Suzanne Moore, writing recently in The Guardian, makes the connection between younger people's plight in employment and how attitudes are being influenced by their depiction in the media. She explores the negative impact that shows like The Apprentice have in “promulgating the notion that if only you sell yourself enough you will get bought”. Having said that, Business Secretary Vince Cable and London Mayor Boris Johnson have grasped the positive definition and launched National Apprenticeship Week with a view to creating 20,000 jobs.

These traits have created juxtaposition in attitudes and opinion. For instance, we now have a generation that is equipped perhaps with a more savvy language and tools to communicate (via online/communities) than ever before but which lacks the current means to use this to best effect.

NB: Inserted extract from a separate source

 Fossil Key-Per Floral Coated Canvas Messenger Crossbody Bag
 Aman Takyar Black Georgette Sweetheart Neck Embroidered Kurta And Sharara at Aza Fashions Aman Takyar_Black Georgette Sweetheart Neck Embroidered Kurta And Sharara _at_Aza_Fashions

It's worth asking, though, whether this doesn't present a great opportunity for qualitative research. From a practitioner's perspective, these respondents are becoming a "must have" resource, harnessed for their ability to grapple with brand identity, explore USPs and discuss marketing strategy. These are all now terms that they are familiar with and happy using within their role as youth lexicographers.

A direct example of this has been the recent reconvening of several groups I've encountered as clients embrace this age group's ability to tackle their design and branding issues. They want to bring them closer to the research as a direct effect. There is also a positive correlation between this age group and the trend for co-creation and participation within communities. These fuse the attitudes and mindset of this age group and their desire to help drive creative direction with that of the needs and increasing openness of clients to do more than just listen to them.

The flip side, of course, is that we can return to the view that these respondents no longer talk the same language as the everyday consumer. But qualitative research needs consumers in this particular age group: they represent not just a useful resource as respondents, but as researchers in their own right. It's good to see companies recognising this, and taking on new graduates. A downturn can be the time when new hires dwindle, but an opportunity to work with this novel breed of uber respondent should not be ignored.